Tuesday, August 10, 2010

On the Merits of Blaming Your PR

There is a certain attitude that falls in upon public officials when they are in trouble: blaming the PR. At the root of this attitude is the belief that the problem is not in their problems, but rather the perception of those problems, and if they could only be explained or spun away, everything would be just fine. And they would be—for said official, as the inconvenient work of having to self-examine and to change can be helpfully avoided.

I had been planning on writing this for a day or two now, when I read this WSJ article about Thad Allen blaming B.P.’s PR skills on the problems:
…BP has much room for improvement when it comes to dealing with the people side of the disaster, he said.

“It’s something they don’t naturally have as a capacity or a competency in their company, and it’s been very, very hard for them to understand,” he said. “The lens by which the American people view them … that’s where they need to improve the most.”
Or perhaps they could improve at properly heeding safety warnings? Just a guess there. In fact, it’s difficult to tell what, exactly, B.P. could have done better—in the public welfare sense—in terms of its PR? I suppose it could have apologized more quickly in order to calm people down, but this seems inadequate with the actual human devastation that’s occurred.

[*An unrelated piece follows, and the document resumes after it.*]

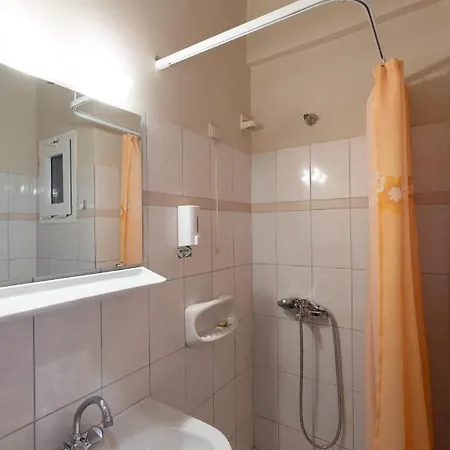 Hotell Ntinas 3*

Blaming the PR becomes an easy way to avoid discussing actual human problems often in such a disaster: remember that discussion of Toyota’s Prius problems? Remember the odd discussion about whether the Toyota CEO bowed low enough and what it meant: was it an apologetic bow or a perfunctory bow or blah blah blah? Meanwhile there was the whole death thing, but this becomes uncomfortable to dwell upon; moreover, the subject required some expertise, whereas everyone fancies him- or herself an armchair psychologist.

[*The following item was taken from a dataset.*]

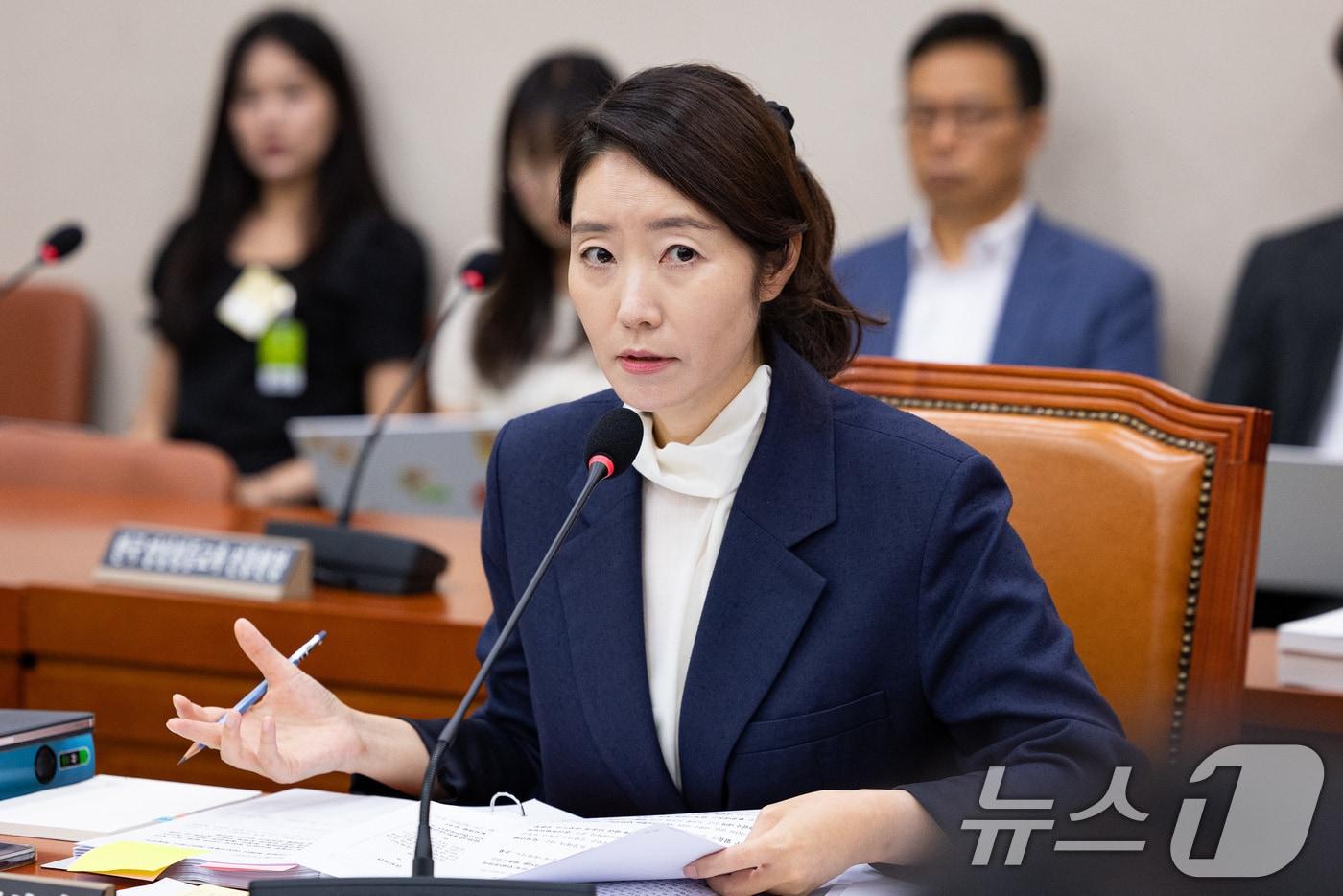 강선우 여성가족부 장관 후보자가 14일 서울 여의도 국회에서 열린 인사청문회에 출석해 의원 질의에 답하고 있다. 2025.7.14/뉴스1 ⓒ News1 유승관 기자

What is most pernicious about the blame-the-PR strategy is how meta it becomes: there was an article in The Guardian admiring, in a my-worst-enemy kind of a way, the economic spin of the Tories—they’d learned from the master, the article asserted. Whatever the truth or falseness of that particular discussion, it quickly focuses on the discussion of the discussion and makes everyone into insiders. And insiders like to focus on the odd kabuki of their tribe and not on the actual results of their actions.

The blame-the-PR strategy came to an odd head today with Robert Gibbs bizarrely choosing to lash out at liberals at his press conference today. Gibbs says:
“I hear these people saying he’s like George Bush. Those people ought to be drug tested,” Gibbs said. “I mean, it’s crazy.”

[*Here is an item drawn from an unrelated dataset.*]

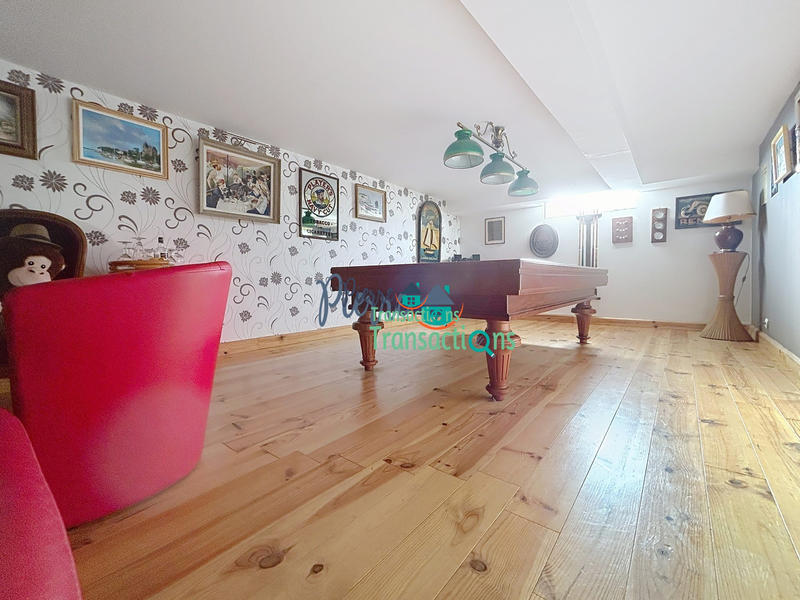 Maison - 157 m² - 6 pièces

The press secretary dismissed the “professional left” in terms very similar to those used by their opponents on the ideological right, saying, “They will be satisfied when we have Canadian healthcare and we’ve eliminated the Pentagon. That’s not reality.”

Of those who complain that Obama caved to centrists on issues such as healthcare reform, Gibbs said: “They wouldn’t be satisfied if Dennis Kucinich was president.”
There are many odd things about this rant. First, note how it becomes about liberals’ perceptions rather than whether these people on the professional left are actually right. Second, as is often true about the perceptions game, the characterization of those liberals’ view is wrong. Usually when people try to play the blame-the-PR game, they try to misrepresent the views of whomever it is they’re blaming; in this case most liberals don’t actually want to have Canadian healthcare or eliminate the Pentagon or believe Obama is Bush. In this case the strategy is poorly executed: it’s rarely a good idea to insult your best followers, the ones who knocked on doors and gave you money; it’s even more rarely a good idea to insult your followers in a way that reinforces all of the stereotypes about liberals which can only end up disempowering your administration by implication, as it is putatively a liberal one. But whether poorly executed or not, the strategy itself is wrong: instead of thinking about what it will take to better the economy or stop climate change or end the wars, we’ll be talking about whether liberals are too mean to Obama. That’s the wrong discussion. David Brooks made a perceptive point on this score: “Politics is about choosing what arguments to have.” Gibbs chose the wrong argument, insultingly.